Your copy should hold only the lines from the one with "Tailandia Camiseta Santos 2ª Retro 2012-2013" to the one with "Tech Polo SS - Signal", both included, each exactly as it stands below, with no pictures.

= Beginning of Section =

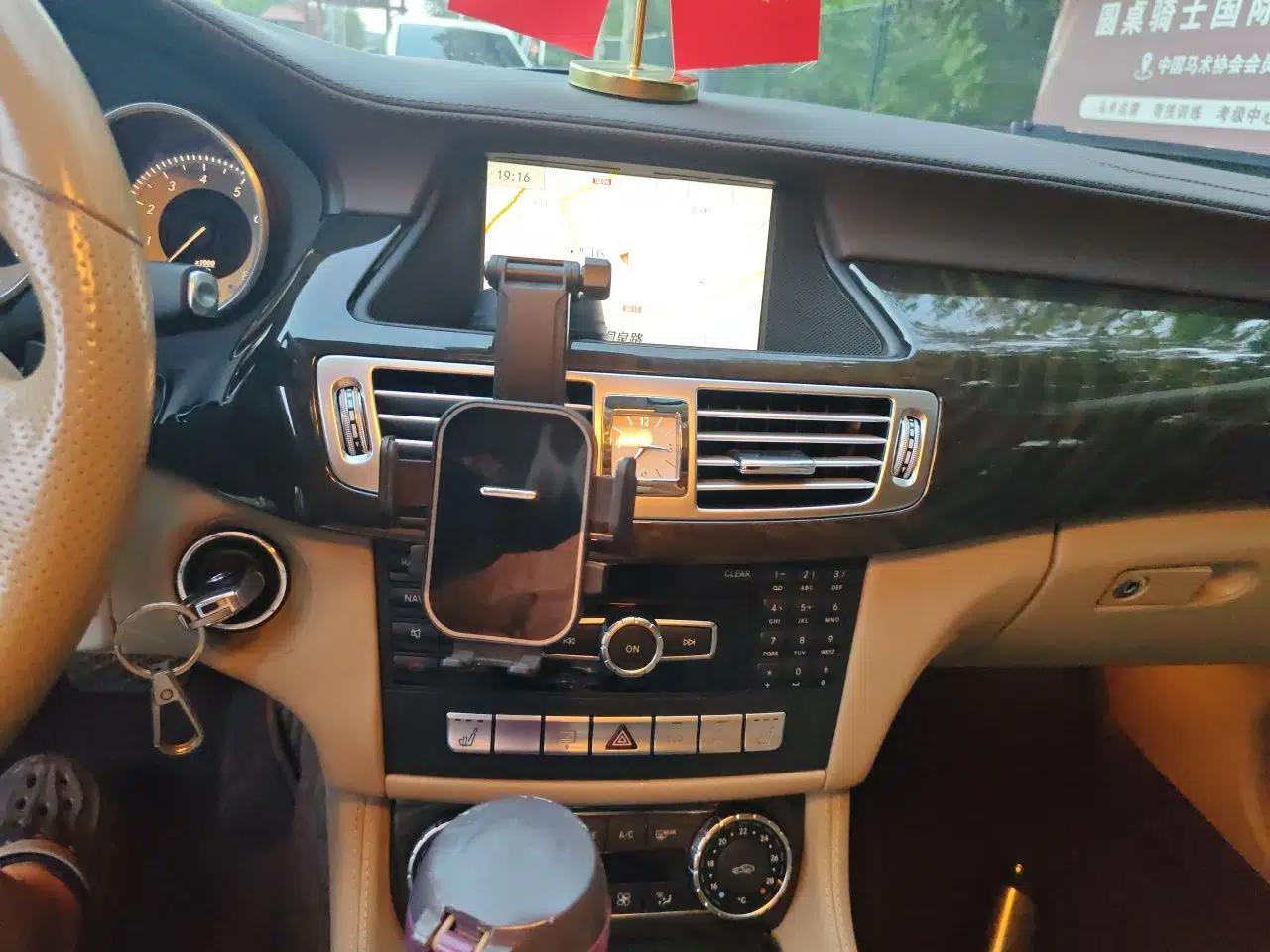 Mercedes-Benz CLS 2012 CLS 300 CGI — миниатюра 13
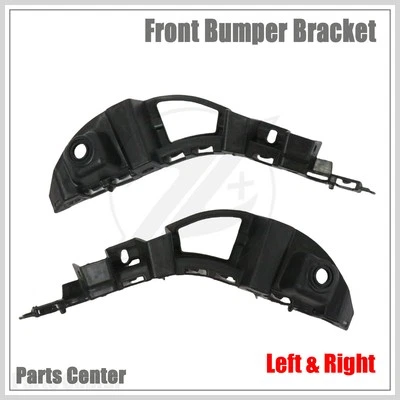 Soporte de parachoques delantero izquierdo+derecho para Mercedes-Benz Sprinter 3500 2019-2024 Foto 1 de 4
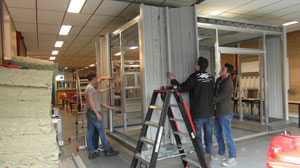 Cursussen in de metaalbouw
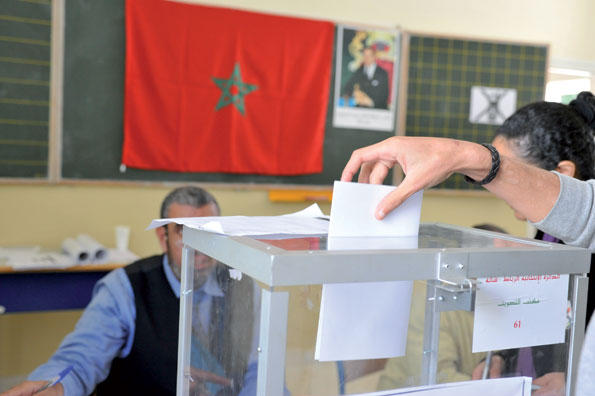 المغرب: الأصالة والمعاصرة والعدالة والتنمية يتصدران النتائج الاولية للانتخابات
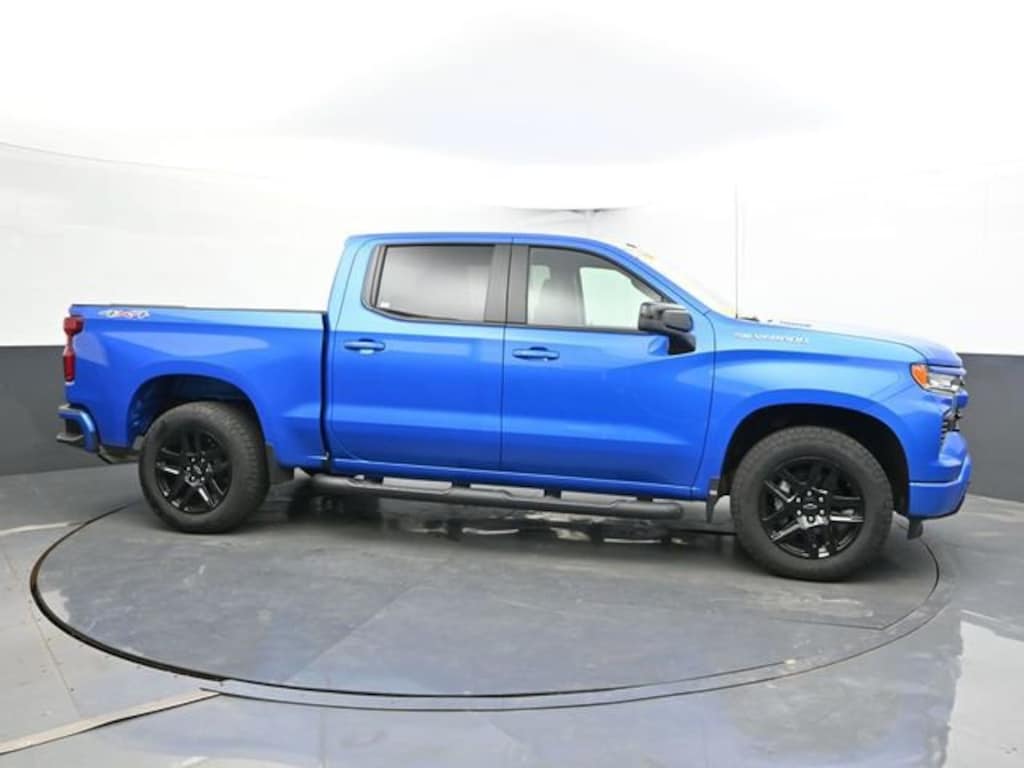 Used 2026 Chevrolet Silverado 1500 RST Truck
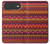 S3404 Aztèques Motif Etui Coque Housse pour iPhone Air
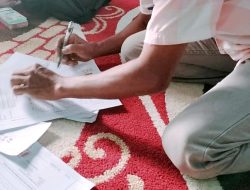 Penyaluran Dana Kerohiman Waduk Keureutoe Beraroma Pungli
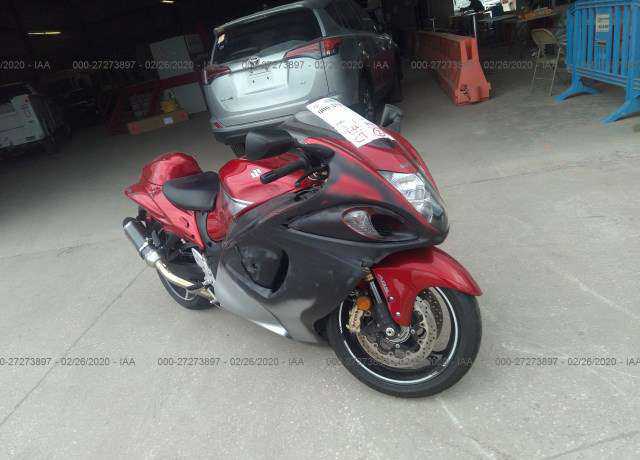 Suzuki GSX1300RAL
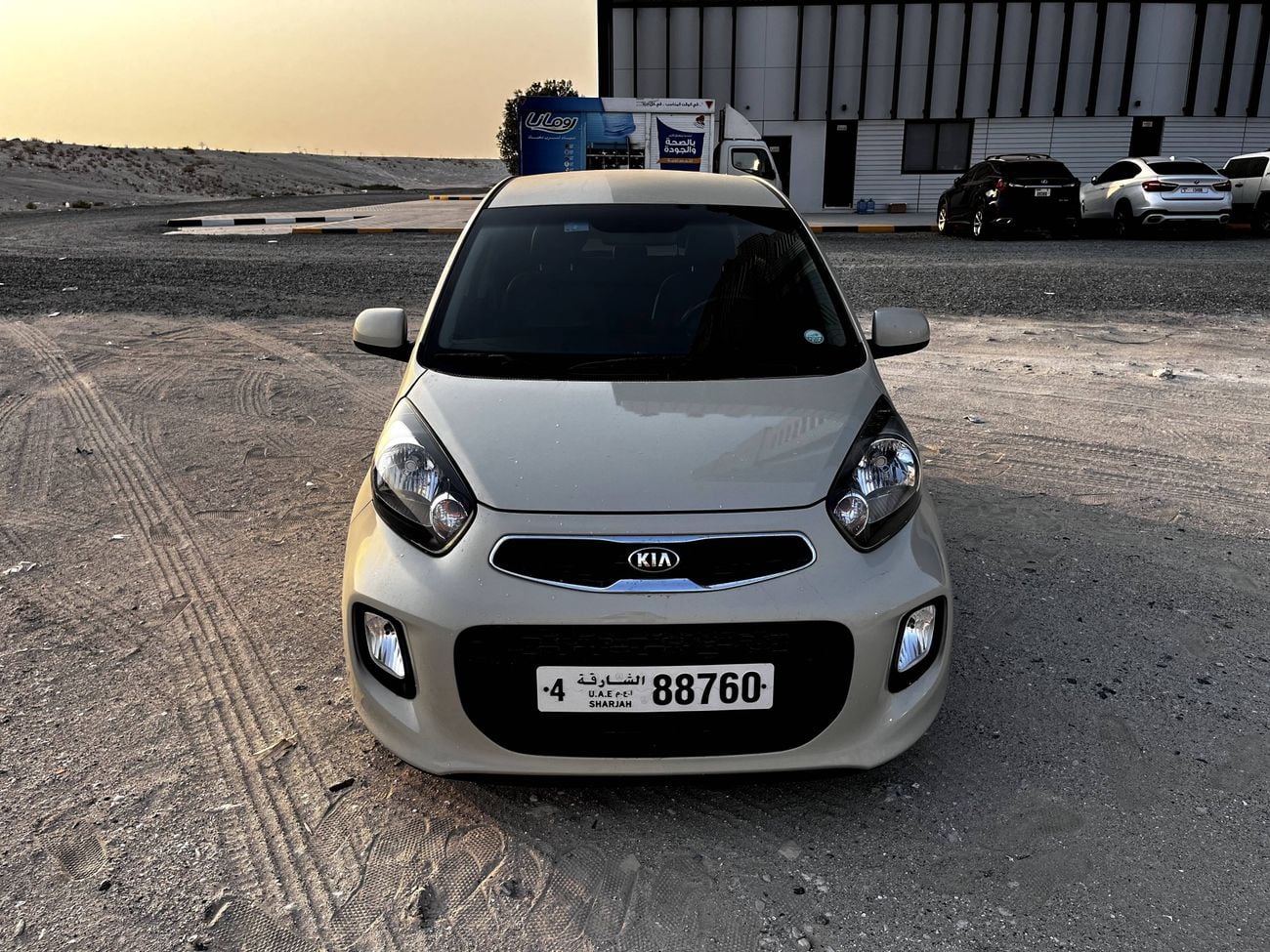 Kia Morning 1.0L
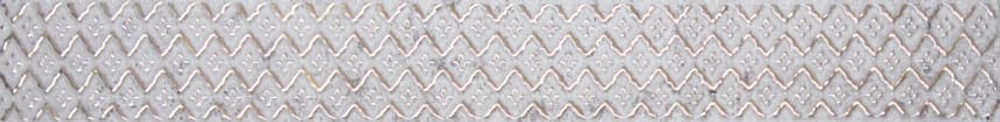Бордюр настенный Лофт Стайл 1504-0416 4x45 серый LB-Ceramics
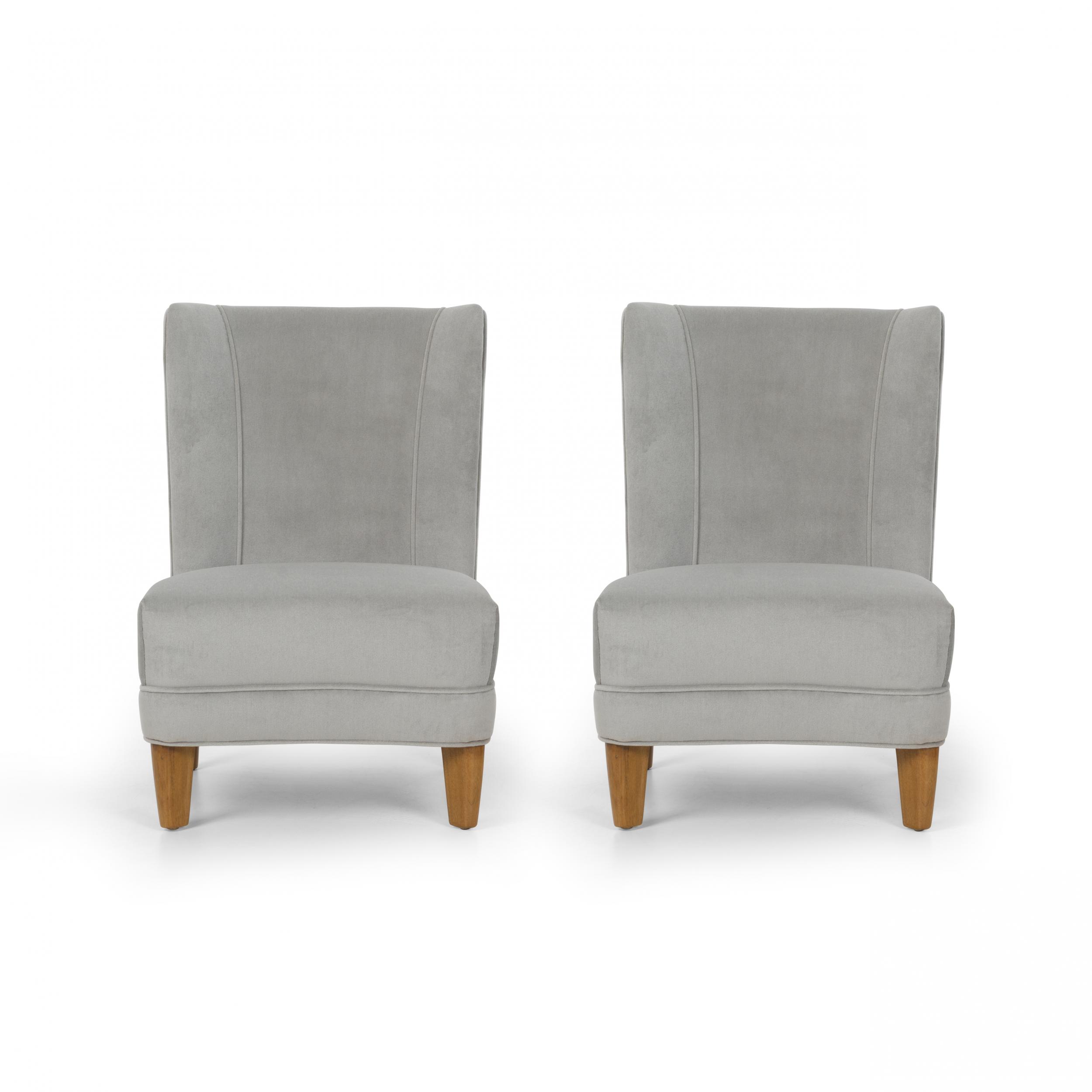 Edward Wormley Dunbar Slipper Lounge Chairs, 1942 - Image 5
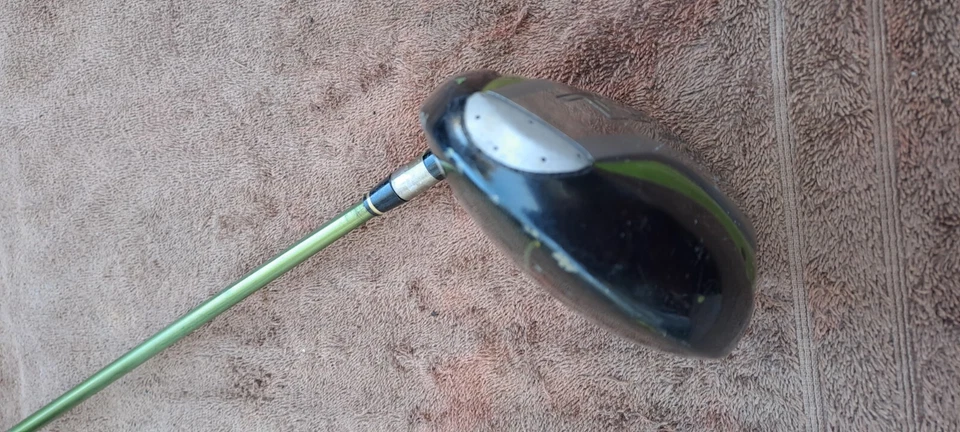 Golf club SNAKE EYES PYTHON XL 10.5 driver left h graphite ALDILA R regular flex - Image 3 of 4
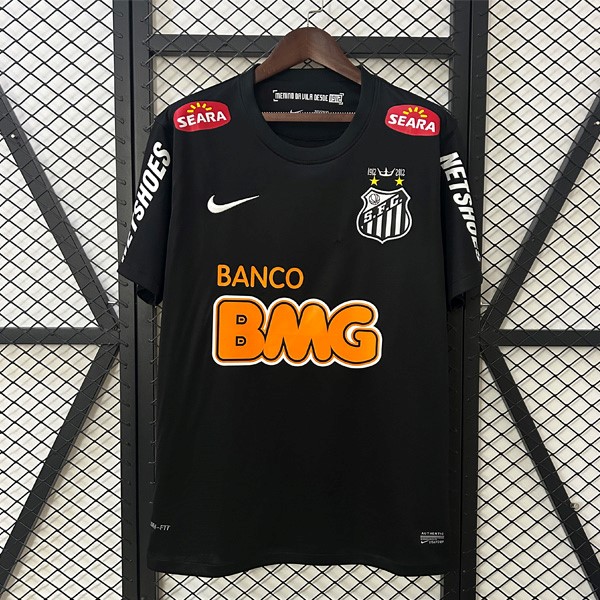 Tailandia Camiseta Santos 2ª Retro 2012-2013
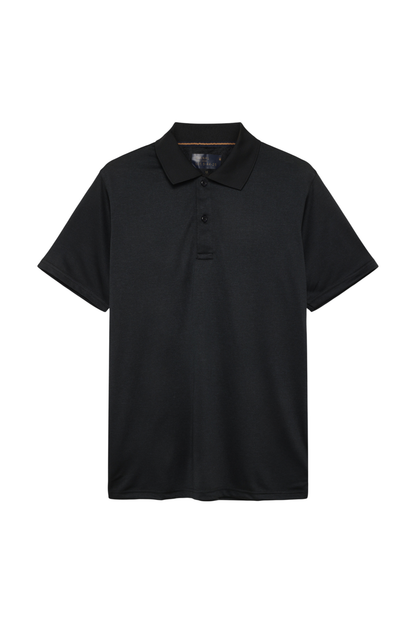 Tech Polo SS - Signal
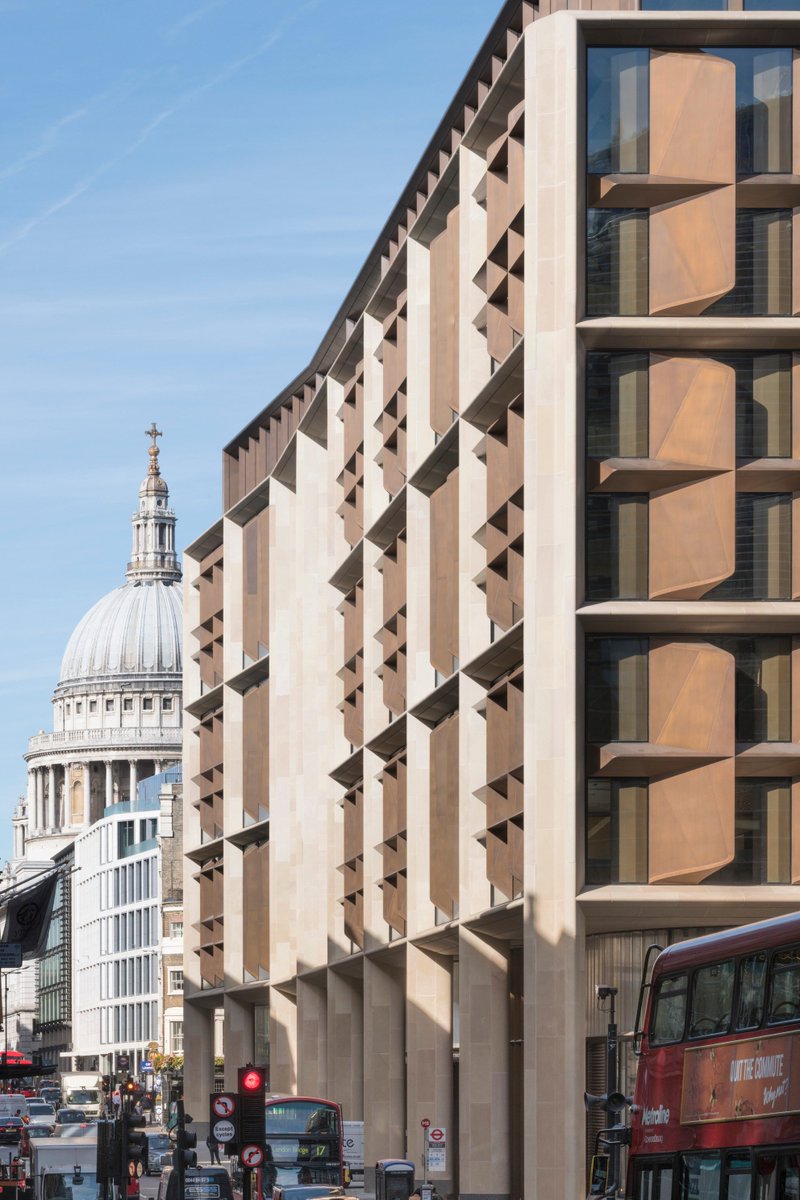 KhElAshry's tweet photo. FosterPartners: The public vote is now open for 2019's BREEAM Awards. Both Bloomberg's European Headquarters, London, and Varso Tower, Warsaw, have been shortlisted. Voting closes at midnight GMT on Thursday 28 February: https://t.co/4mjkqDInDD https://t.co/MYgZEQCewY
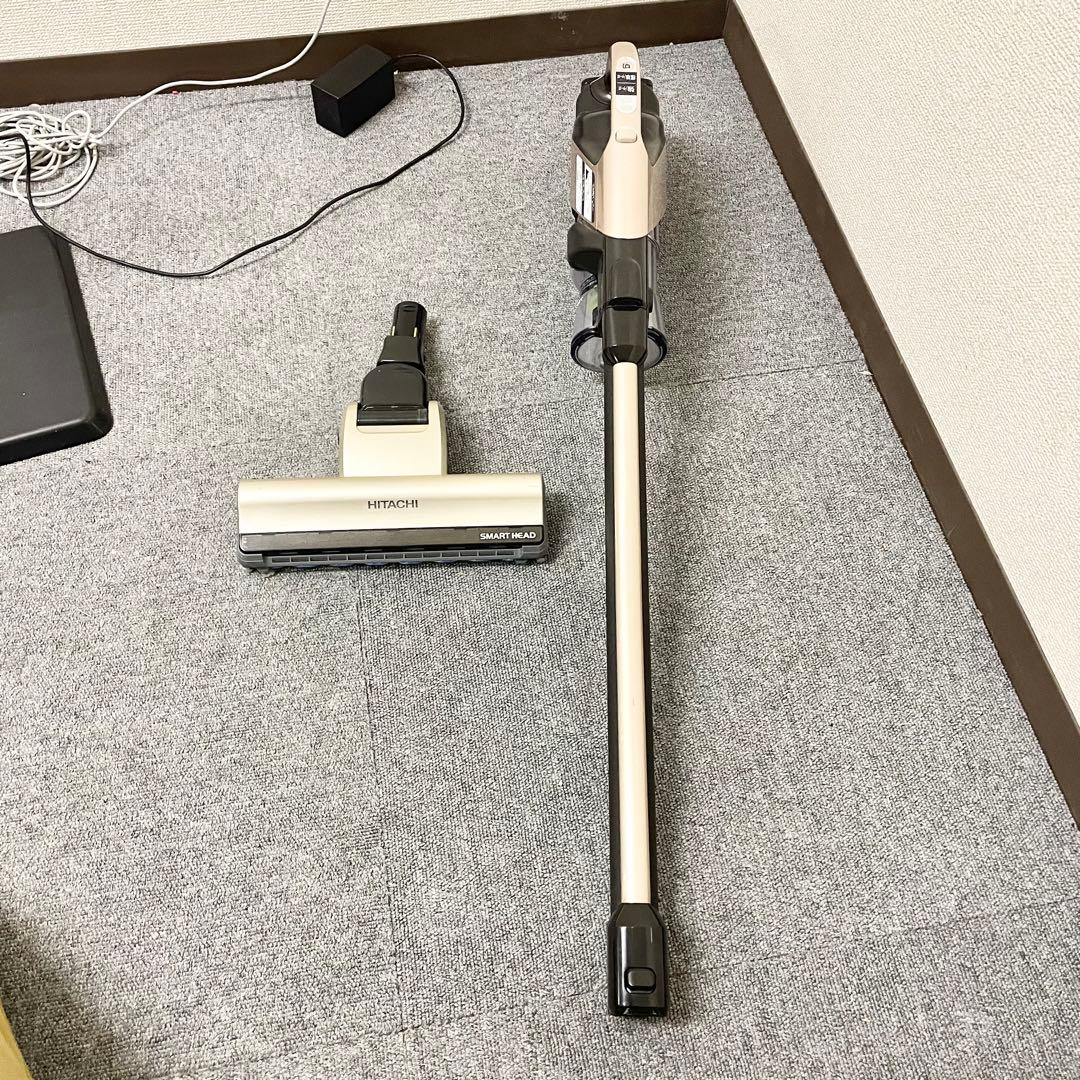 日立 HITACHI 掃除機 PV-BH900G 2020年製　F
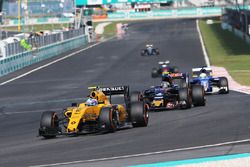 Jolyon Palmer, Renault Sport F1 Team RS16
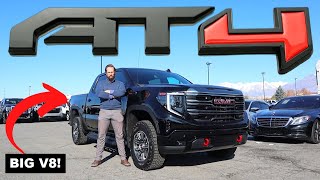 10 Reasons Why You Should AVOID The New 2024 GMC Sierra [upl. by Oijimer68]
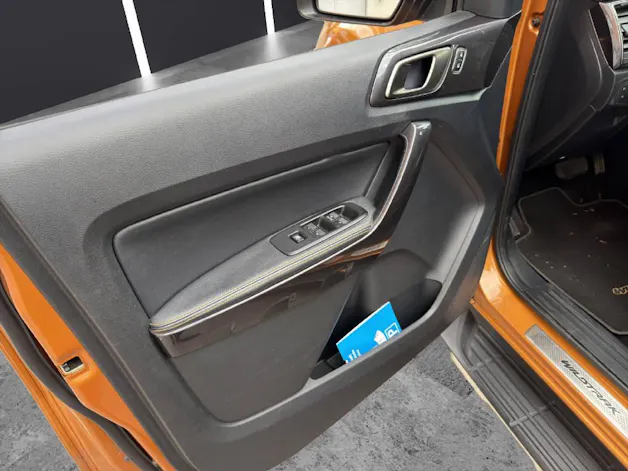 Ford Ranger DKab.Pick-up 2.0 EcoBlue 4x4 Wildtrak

= End of Section =

• _OUTPUT FOR THIS TASK_
 Tailandia Camiseta Santos 2ª Retro 2012-2013
 Tech Polo SS - Signal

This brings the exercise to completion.